他にも伴奏の雰囲気にあわせて多少変えた発声もあるので、正確な読み方が知りたい方は、youtube等で「白骨の章」を検索してみると見つかると思う。
伴奏に琵琶の音を素材として使ってある。
戦国期の本願寺には、多数の琵琶法師が出入りしていたことが分かっている。
琵琶法師は平家物語を語る芸能者であるだけでなく、民間宗教者として様々な経や祭文を唱えていた。
中には蓮如の言葉を語っていた者もいたかもしれないと想像し、雰囲気で使ってみた。
思いつき優先、とにかく勢いで作ってみた感じ(このブログの「音遊び」はどれもそうだが)なので、今後時間をかけて詰めて行きたいと思っている。
【白骨章】
それ、人間の浮生なる相をつらつら観ずるに、おほよそはかなきものはこの世の始中終、 まぼろしのごとくなる一期なり。
されば、いまだ万歳の人身を受けたりといふことをきかず、一生過すぎやすし。 いまにいたりてたれか百年の形体をたもつべきや。 われや先、人や先、今日ともしらず明日ともしらず、おくれさきだつ人はもとのしづく、すゑの露よりもしげしといへり。

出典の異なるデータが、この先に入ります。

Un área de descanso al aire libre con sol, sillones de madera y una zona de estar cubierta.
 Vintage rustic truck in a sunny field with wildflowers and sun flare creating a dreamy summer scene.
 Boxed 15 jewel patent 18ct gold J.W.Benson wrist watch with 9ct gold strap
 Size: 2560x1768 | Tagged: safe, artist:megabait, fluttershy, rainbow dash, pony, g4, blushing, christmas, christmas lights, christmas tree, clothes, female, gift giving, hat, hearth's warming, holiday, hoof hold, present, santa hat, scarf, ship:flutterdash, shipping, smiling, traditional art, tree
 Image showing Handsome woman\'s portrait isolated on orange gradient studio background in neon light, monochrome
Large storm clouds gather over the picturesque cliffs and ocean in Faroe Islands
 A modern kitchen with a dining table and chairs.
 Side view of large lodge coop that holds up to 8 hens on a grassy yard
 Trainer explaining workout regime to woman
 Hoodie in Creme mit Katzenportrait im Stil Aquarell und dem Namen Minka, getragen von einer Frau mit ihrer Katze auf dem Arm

されば、朝には紅顔ありて夕には白骨となれる身なり。 すでに無常の風きたりぬれば、すなはちふたつのまなこたちまちに閉ぢ、ひとつの息ながくたえぬれば、紅顔むなしく変じて桃李のよそほひを失ひぬるときは、六親眷属あつまりてなげきかなしめども、さらにその甲斐あるべからず。 さてしもあるべきことならねばとて、野外におくりて、夜半の煙となしはてぬれば、ただ白骨のみぞのこれり。 あはれといふもなかなかおろかなり。
されば人間のはかなきことは老少不定のさかひなれば、たれの人もはやく後生の一大事を心にかけて、阿弥陀仏をふかくたのみまゐらせて、念仏申すべきものなり。 あなかしこ、あなかしこ。
【大意】
確かなものが何もない人の世の有様をつらつら観ずるに、おおよそ儚い幻のようなものといえば、この世の人間の一生涯だろう。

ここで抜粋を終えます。